# altums at luckys



## jimmyjam (Nov 6, 2007)

http://sphotos.ak.fbcdn.net/hphotos...0143643199952_28106640_59926384_4424289_n.jpg

Luckys had amazing true altums. They said they are tank raised but they were wild caught as juvies. The specimens looks so healthy and they didn't change the water parameters as all. I would pick them up but I have no space for them.

Just a heads up


----------



## dl88dl (Mar 8, 2010)

jimmyjam said:


> http://sphotos.ak.fbcdn.net/hphotos...0143643199952_28106640_59926384_4424289_n.jpg
> 
> Luckys had amazing true altums. They said they are tank raised but they were wild caught as juvies. The specimens looks so healthy and they didn't change the water parameters as all. I would pick them up but I have no space for them.
> 
> Just a heads up


Hey Jimmy, how much were the Altums?


----------



## jimmyjam (Nov 6, 2007)

100 each.. pretty pricey. I hear managerie got them in as well, I wonder how good of a quality they are.


----------



## dl88dl (Mar 8, 2010)

jimmyjam said:


> 100 each.. pretty pricey. I hear managerie got them in as well, I wonder how good of a quality they are.


Too much for me

BTW, Dragon King got lots about 50 to 75 F1 Altum at nickle to quarter size for $40each.


----------



## Holidays (Apr 18, 2010)

dl88dl said:


> Too much for me
> 
> BTW, Dragon King got lots about 50 to 75 F1 Altum at nickle to quarter size for $40each.


what kind of F1? offspring from wild? they bred in the tank? wow...


----------



## jimmyjam (Nov 6, 2007)

ouuu.. I never trust the F1s unless their decently big and we can see if their crosses. I have not seen a true f1 offspring yet. They had adult F1s before but they didnt look like true altums. Ill drop by to take a look though. Someone could have come through with a breakthrough magic breeding pill =P


----------



## Holidays (Apr 18, 2010)

jimmyjam said:


> ouuu.. I never trust the F1s unless their decently big and we can see if their crosses. I have not seen a true f1 offspring yet. They had adult F1s before but they didnt look like true altums. Ill drop by to take a look though. Someone could have come through with a breakthrough magic breeding pill =P


How can I tell if they were crossed? how can I identify a true altum?


----------



## Jackson (Jan 30, 2009)

I would not trust that they are true f1's. There are big facilities breeding them in east Asia but they are all sold there and cost way more than what they are asking. I really doubt any of them make it over to here.

I know Jeff Rapps had some real F1's but he is Jeff Rapps not some LFS in Canada.


----------



## Jorg (Jan 14, 2011)

Here are some pics of some wild caught true Altums I got last year if that will help with the ID


----------



## Holidays (Apr 18, 2010)

^ very nice, I never own altums just what I read, is it true that their color becomes less bright or more dull as they mature?


----------



## killieman (Mar 27, 2006)

A hundred bucks each!! Ouch! What is wrong with people? Two oca's ago Mark Denaro from the states was selling true altums for eighteen bucks each and these were adults.


----------



## Holidays (Apr 18, 2010)

killieman said:


> A hundred bucks each!! Ouch! What is wrong with people? Two oca's ago Mark Denaro from the states was selling true altums for eighteen bucks each and these were adults.


ya but back then one usd = 18 billion cad hehe jk, limited supply I guess since they keep dying.


----------



## dl88dl (Mar 8, 2010)

Holidays said:


> what kind of F1? offspring from wild? they bred in the tank? wow...

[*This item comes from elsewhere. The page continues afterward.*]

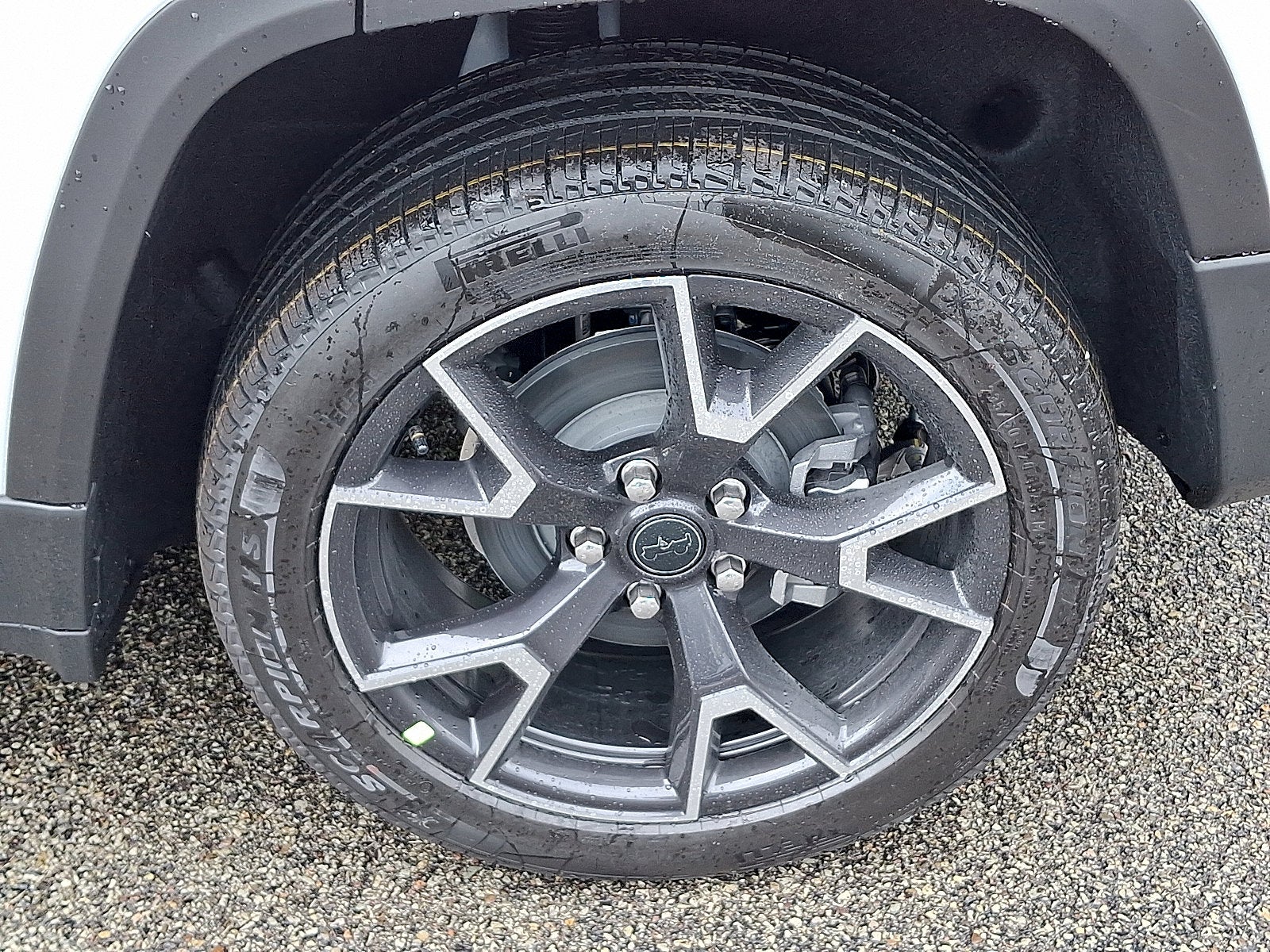 2026 Jeep Cherokee Hybrid Overland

Tommy say they are imported from over sea.



jimmyjam said:


> ouuu.. I never trust the F1s unless their decently big and we can see if their crosses. I have not seen a true f1 offspring yet. They had adult F1s before but they didnt look like true altums. Ill drop by to take a look though. Someone could have come through with a breakthrough magic breeding pill =P


He showed me the tank full of Altums and they do look like true Altum. Whitby BA had 30 to 50 dime size true Altum around 8 months ago and they look the same. BA was selling them for $6.99 each and I was going to get 20 at $5 each but they all when to fishy heaven before I could get them lol



Jackson said:


> I would not trust that they are true f1's. There are big facilities breeding them in east Asia but they are all sold there and cost way more than what they are asking. I really doubt any of them make it over to here.
> I know Jeff Rapps had some real F1's but he is Jeff Rapps not some LFS in Canada.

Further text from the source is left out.